Baca juga: "ENTAH" dan Teater Daring (Bagian 2)
Di situ saya menangkap adanya perdebatan tentang identitas teater ketika disajikan secara daring. Apakah itu masih disebut teater?
Hal inilah yang kemudian membuat pelaku teater menjadi berkubu-kubu, antara penganut "mazhab" lama dan "mazhab" baru. Apakah pertunjukan teater yang diunggah di Youtube akan menyalahi kodratnya sebagai seni pertunjukan teater?
Problematika ini sebenarnya memang dipicu oleh keadaan. Bagaimana teater bisa tetap hidup dalam situasi masih ada pandemi Covid-19?
Artinya, dalam perdebatan ini kemudian harus memunculkan pertanyaan baru. Apakah teater mau terus menunggu keadaan menjadi kondusif sepenuhnya agar dapat kembali beraksi seperti sedia kala?
Ini seperti melihat teater dipaksa untuk menjadi 'Beruang Kutub'. Padahal, teater tidak punya keahlian hibernasi, sekalipun para pelakunya bisa melakukan hibernasi.
Teater adalah suatu hal yang bisa memudar dan mati.
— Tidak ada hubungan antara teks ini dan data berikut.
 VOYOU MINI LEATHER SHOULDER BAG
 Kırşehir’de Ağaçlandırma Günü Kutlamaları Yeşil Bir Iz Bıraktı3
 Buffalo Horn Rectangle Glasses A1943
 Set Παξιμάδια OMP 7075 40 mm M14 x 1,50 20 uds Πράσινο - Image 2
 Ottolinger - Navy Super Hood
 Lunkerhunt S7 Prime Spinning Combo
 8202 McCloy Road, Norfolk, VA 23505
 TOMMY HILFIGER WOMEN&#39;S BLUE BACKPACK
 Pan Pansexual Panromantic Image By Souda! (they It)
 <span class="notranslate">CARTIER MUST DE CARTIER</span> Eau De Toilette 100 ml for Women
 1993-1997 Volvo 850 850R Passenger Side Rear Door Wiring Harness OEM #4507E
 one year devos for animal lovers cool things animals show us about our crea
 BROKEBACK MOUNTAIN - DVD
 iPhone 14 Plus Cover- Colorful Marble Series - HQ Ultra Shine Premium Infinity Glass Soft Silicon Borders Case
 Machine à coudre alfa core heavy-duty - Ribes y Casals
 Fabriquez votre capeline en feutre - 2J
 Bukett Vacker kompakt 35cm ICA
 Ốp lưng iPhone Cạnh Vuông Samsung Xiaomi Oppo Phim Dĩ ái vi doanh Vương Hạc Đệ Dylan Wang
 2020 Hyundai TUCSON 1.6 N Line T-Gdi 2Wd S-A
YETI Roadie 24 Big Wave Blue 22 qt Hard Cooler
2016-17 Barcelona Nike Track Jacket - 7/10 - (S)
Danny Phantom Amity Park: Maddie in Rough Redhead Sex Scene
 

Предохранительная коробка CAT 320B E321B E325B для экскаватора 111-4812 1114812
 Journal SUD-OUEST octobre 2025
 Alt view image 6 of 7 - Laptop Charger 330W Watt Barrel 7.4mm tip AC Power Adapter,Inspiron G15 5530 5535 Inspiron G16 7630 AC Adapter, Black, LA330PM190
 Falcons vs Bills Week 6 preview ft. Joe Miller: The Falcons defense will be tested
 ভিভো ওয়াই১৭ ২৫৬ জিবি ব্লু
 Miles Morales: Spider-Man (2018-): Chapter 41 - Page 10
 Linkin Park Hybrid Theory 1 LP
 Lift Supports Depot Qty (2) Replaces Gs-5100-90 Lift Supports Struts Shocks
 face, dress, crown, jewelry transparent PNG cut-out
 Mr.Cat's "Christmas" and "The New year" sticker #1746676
Teater juga bisa disandingkan dengan rumah, yang bisa roboh atau pun kumuh jika sudah takberpenghuni.
Teater juga bisa menjadi langka dan hilang dari peradaban. Karena, teater tidak bisa hidup sendiri. Itulah kenapa, teater harus tetap berani muncul ke permukaan saat pandemi hadir.
Memang, akan sangat butuh perjuangan lebih besar dari sebelumnya. Tetapi, itulah konsekuensi yang harus ditanggung oleh mereka yang sudah secara implisit menjadi 'altruis' dalam berteater.
Saya sebut 'altruis', karena seringkali saya melihat atau mendengar pelaku teater lebih mengutamakan keinginannya untuk berkarya daripada mencari uang lewat berteater. Sekalipun, terkadang lewat teater, mereka dapat menyambung hidup juga.
Itulah mengapa, ketika teater 'dipaksa' mati sejenak saat pandemi, itu adalah tindakan tidak tepat. Bahkan, kalau kemudian yang memaksa adalah orang-orang bermazhab lama, itu juga konyol.